568. (10 April 2019): 351–356.

ABSTRACT
Heart failure with preserved ejection fraction (HFpEF) is a common syndrome with high morbidity and mortality for which there are no evidence-based therapies. Here we report that concomitant metabolic and hypertensive stress in mice—elicited by a combination of high-fat diet and inhibition of constitutive nitric oxide synthase using Nω-nitro-L-arginine methyl ester (L-NAME)—recapitulates the numerous systemic and cardiovascular features of HFpEF in humans.
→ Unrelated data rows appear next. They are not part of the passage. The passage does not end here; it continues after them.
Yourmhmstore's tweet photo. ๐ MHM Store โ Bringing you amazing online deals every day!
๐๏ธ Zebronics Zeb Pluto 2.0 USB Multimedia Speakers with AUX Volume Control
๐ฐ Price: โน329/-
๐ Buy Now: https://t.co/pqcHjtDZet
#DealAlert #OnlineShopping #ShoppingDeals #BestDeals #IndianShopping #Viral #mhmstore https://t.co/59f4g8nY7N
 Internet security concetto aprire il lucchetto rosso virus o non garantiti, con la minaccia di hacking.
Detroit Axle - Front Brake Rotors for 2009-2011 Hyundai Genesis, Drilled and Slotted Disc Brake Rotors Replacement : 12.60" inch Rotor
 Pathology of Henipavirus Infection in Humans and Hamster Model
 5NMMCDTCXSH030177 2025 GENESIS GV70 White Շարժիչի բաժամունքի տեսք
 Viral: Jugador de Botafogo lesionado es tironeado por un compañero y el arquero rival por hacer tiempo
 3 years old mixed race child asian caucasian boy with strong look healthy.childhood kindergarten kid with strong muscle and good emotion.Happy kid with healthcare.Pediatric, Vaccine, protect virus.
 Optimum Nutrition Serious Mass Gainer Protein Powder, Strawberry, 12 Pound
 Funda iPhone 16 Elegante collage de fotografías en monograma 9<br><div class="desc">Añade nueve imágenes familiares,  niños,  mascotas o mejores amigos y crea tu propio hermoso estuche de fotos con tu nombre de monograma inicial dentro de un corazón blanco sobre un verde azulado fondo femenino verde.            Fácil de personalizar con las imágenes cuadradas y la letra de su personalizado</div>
Expression of one of the unfolded protein response effectors, the spliced form of X-box-binding protein 1 (XBP1s), was reduced in the myocardium of our rodent model and in humans with HFpEF. Mechanistically, the decrease in XBP1s resulted from increased activity of inducible nitric oxide synthase (iNOS) and S-nitrosylation of the endonuclease inositol-requiring protein 1α (IRE1α), culminating in defective XBP1 splicing. Pharmacological or genetic suppression of iNOS, or cardiomyocyte-restricted overexpression of XBP1s, each ameliorated the HFpEF phenotype. We report that iNOS-driven dysregulation of the IRE1α–XBP1 pathway is a crucial mechanism of cardiomyocyte dysfunction in HFpEF.